Já Angélica Samer, doutoranda em biologia, está evitando ir à
Universidade Federal de Minas Gerais (UFMG), onde estuda, para
economizar R$ 16 da passagem de ônibus.
Elas estão entre os 7 mil
bolsistas de iniciação científica e pós-graduação da Fapemig (Fundação
de Amparo à Pesquisa do Estado de Minas Gerais). Recebem R$ 2,2 mil
mensais para produzir suas pesquisas, mas os constantes atrasos de
pagamento do auxílio estão criando dificuldades que elas não imaginavam
passar nessa fase da vida acadêmica.
"Em fevereiro a fome bateu, cara. Passei fome, sim. Olhei o
armário e não tinha carne, não tinha arroz, farinha", conta Letícia, de
40 anos. A seu pedido, seu nome verdadeiro foi trocado nesta reportagem
pois ela teme sofrer represálias.
A acadêmica começou a receber o
auxílio da Fapemig em 2016, quando iniciou o doutorado em psicologia na
UFMG. Ela e outros estudantes de universidades públicas de Minas contam
histórias semelhantes: até meados de 2016, as bolsas de iniciação
científica, mestrado e doutorado eram pagas em dia.
Então elas
começaram a chegar poucos dias após o prazo - a data oficial de
pagamento chegou a ser postergada para evitar atrasos.
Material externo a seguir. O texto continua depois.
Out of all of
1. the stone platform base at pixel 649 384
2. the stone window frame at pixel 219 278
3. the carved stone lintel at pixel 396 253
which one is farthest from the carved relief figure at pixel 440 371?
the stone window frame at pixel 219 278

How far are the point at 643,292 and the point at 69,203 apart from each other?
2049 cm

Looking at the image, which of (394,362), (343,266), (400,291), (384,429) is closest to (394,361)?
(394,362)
A partir de
outubro do ano passado, a situação piorou: as bolsas passaram a atrasar
por mais de um mês.
As de janeiro de 2018 só foram pagas em meados
de março e os auxílios de fevereiro ainda não caíram. Após o contato da
reportagem, na sexta-feira, a Fapemig afirmou que a verba começará a
ser paga nos próximos dias.
Essas bolsas são do tipo "dedicação exclusiva". Para consegui-la, o
estudante assina um contrato se comprometendo a não ter outra atividade
remunerada que não seja a pesquisa - ele deve dedicar 40 horas por
semanas à academia.
Caso descumpra e consiga um trabalho, por
exemplo, o bolsista perde automaticamente o benefício e pode ter de
devolver toda a verba que recebeu, por meio de processo. Ele também
precisa publicar artigos acadêmicos em revistas científicas e participar
de congressos.
Letícia é um desses casos. Não pode trabalhar até
terminar seu doutorado. O problema é que a bolsa tem atrasado cada vez
mais - ela parou de comprar os livros de que precisa. "Sou uma pessoa
pobre. Tenho de comprar comida, pagar aluguel, comprar os livros. Como
vou fazer isso se a bolsa não é paga?", diz ela, que se mudou para Belo
Horizonte para trilhar carreira acadêmica.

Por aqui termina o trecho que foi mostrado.